Ensuite, nous approuvons les articles relatifs à la durabilité et la réparabilité des produits. À ce propos, je voudrais dire un mot de l’importance de développer une consommation économe dans le cadre d’une « économie circulaire », territorialisée par des circuits courts, qui recycle, répare et valorise la matière et les objets.
Concernant la lutte contre le démarchage téléphonique abusif, nous pensons qu’il faudrait aller beaucoup plus loin que le projet de loi et interdire tout simplement l’ensemble des démarchages commerciaux par téléphone, en particulier en direction des personnes vulnérables. Il se pose, les concernant, une vraie question de protection, en particulier pour les personnes âgées, harcelées et mises en difficulté par de telles pratiques.
À propos du chapitre V relatif à la modernisation des moyens de contrôle de l’autorité administrative chargée de la protection des consommateurs, les sénatrices et les sénateurs du groupe CRC sont particulièrement convaincus de la nécessité d’avoir une police économique forte.
Auteur, il y a quelque temps, d’un rapport pour avis sur la DGCCRF – la direction générale de la concurrence, de la consommation et de la répression des fraudes –, j’ai pu constater que le manque chronique de moyens financiers et humains a été préjudiciable aux missions de contrôle de ses agents. Cette année, vous avez tenu à ne pas baisser le budget de cette administration. C’est tout à fait appréciable, certes… mais sans doute cela ne suffira-t-il pas.
Au-delà de la DGCCRF, nous sommes inquiets des conséquences du projet stratégique de la direction générale des douanes et droits indirects pour 2018. En effet, ce service central dans la lutte contre la fraude verrait, de source syndicale, disparaître plusieurs milliers de ses emplois et évoluer ses missions. La lutte contre la fraude commerciale, sociale et environnementale s'en trouverait reléguée au rang d’accessoire.

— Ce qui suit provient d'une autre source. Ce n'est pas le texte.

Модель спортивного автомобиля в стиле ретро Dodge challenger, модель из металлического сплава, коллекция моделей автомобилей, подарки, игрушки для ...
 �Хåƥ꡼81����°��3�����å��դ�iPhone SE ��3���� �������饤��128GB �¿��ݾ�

Par ailleurs, concernant les dispositions financières du projet de loi, nous souscrivons à l'idée qu’un crédit amortissable doive être obligatoirement proposé au-delà d’un certain montant.
Nous saluons également l’obligation de proposer un programme de fidélité non lié à un crédit. Et nous approuvons particulièrement l’inopposabilité au conjoint ou au partenaire lié par un pacte civil de solidarité d’un crédit à la consommation d’un montant excessif. Ces mesures vont dans le bon sens.
Mais nous regrettons que nos propositions visant à interdire le crédit revolving ou à réformer le taux de l’usure, pourtant portées unanimement par la gauche lors de la précédente législature, n’aient pas été retenues.
Nous regrettons également que ce projet de loi soit un rendez-vous manqué pour l’identification de l’origine des produits agricoles et alimentaires. La proposition, actée par l’adoption d’un amendement à l’article 4, de soumettre le pouvoir législatif à la décision de la Commission européenne se voit aujourd'hui rejetée par Bruxelles. Pourtant, les citoyens attendent une information réelle sur ce qu’ils mangent… Notre regret est donc double : pas d’information sur l’origine des produits agricoles, et une pratique institutionnelle non conforme à notre Constitution.
Enfin, deux dispositions du projet de loi cristallisent, je le crains, une opposition de fond.
D’une part, la création du registre national des crédits aux particuliers, dont beaucoup vantent les mérites, mais que nous rejetons, revient à faire porter la responsabilité du surendettement aux seules familles et non aux établissements financiers pourvoyeurs de crédit.